I would like to review here today an interesting paper about the application of an optimization technique to problems in Computer Vision.

The technique is called fast bilateral solver, and is a linear solver (optimization algorithm), that, as the authors underline in the abstract, *is a novel algorithm for edge-aware smoothing that combines the flexibility and speed of simple filtering approaches with the accuracy of domain-specific optimization algorithms. *

This is the kind of papers (research) The Information Age has been specially good at spotting for review, sharing and highlighting as pointers in innovative developments that could lead to improvements or guide the future direction in further research and development.

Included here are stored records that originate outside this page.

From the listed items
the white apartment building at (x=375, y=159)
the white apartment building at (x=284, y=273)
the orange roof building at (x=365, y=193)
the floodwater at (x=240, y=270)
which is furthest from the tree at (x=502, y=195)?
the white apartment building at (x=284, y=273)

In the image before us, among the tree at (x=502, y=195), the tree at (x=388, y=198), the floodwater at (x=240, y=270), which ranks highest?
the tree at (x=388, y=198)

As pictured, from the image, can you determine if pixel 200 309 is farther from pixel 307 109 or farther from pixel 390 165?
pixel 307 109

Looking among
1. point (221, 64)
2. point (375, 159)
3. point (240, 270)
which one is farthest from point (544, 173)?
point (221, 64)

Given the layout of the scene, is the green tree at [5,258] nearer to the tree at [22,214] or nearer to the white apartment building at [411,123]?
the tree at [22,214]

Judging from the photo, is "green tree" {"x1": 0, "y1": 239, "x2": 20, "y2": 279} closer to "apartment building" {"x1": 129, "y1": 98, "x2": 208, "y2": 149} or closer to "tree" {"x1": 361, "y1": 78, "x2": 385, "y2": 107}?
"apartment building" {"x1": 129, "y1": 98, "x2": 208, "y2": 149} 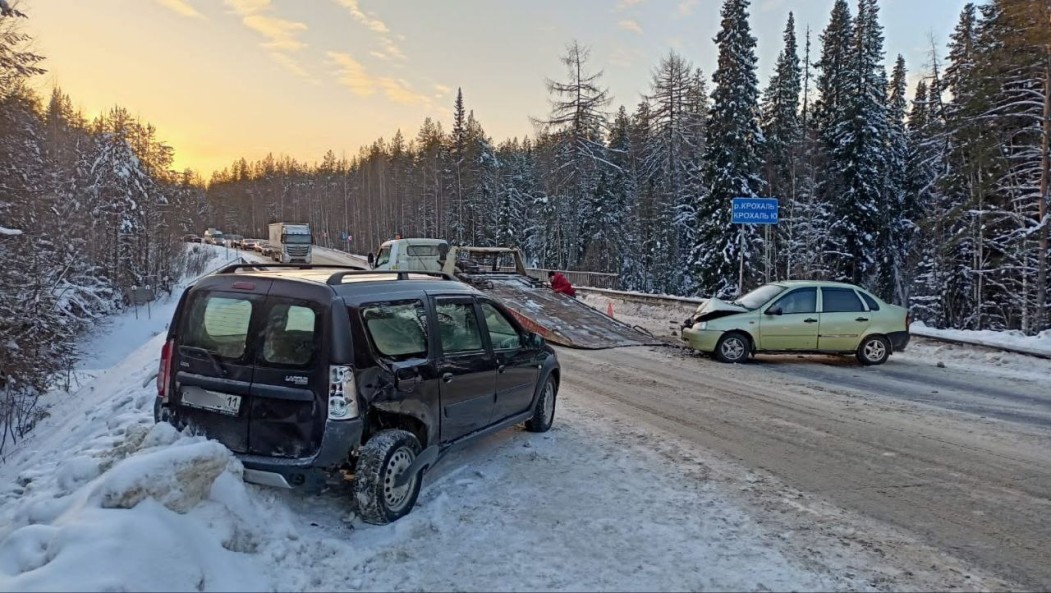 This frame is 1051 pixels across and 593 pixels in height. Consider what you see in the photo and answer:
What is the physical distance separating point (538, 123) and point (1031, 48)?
26649 millimetres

Of note also is the combination of theoretical developments in mathematical optimization and straight empirical application in domain-specific state-of-the-art computer vision problems, with an ease of integration with another state-of-the-art develpoments such as deep learning pipelines:

### The Fast Bilateral Solver

We present the bilateral solver, a novel algorithm for edge-aware smoothing that combines the flexibility and speed of simple filtering approaches with the accuracy of domain-specific optimization algorithms. Our technique is capable of matching or improving upon state-of-the-art results on several different computer vision tasks (stereo, depth superresolution, colorization, and semantic segmentation) while being 10-1000 times faster than competing approaches. The bilateral solver is fast, robust, straightforward to generalize to new domains, and simple to integrate into deep learning pipelines.

### Problem Formulation

The outline of the problem is around the relationship between the core of a natural image and its edges and boundaries, e.g., the images’ pixels are correlated smoothly at its core, but present discontinuities at the edges or across edges. Automated systems strive to achieve a better awareness of these discontinuities, in order to present the best possible result in the consistency required of a proper image resolution. As the complexity and difficulty in resolving challenging issues in an image increase the need for better , more sophisticated optimization techniques comes forth (the numbers below are related with the references section of the paper):

Traditional approaches to edge-aware smoothing apply an image-dependent filter to a signal of interest. Examples of this include joint bilateral filtering [37,40] and upsampling [20], adaptive manifolds [12], the domain transform [11], the guided filter [17,16], MST-based filtering [41], and weighted median filtering [30,44]. These techniques are flexible and computationally efficient, but often insufficient for solving more challenging computer vision tasks. Difficult tasks often necessitate complex iterative inference or optimization procedures that encourage smoothness while maintaining fidelity with respect to some observation. Optimization algorithms of this nature have been used in global stereo [34], depth superresolution [10,19,24,26,29,32], colorization [25], and semantic segmentation [6,22,28,45]. These approaches are tailored to their specific task, and are generally computationally expensive. In this work we present an optimization algorithm that is 10-1000× faster than existing domain-specific approaches with comparable accuracy, and produces higher-quality output than lightweight filtering techniques with comparable runtimes.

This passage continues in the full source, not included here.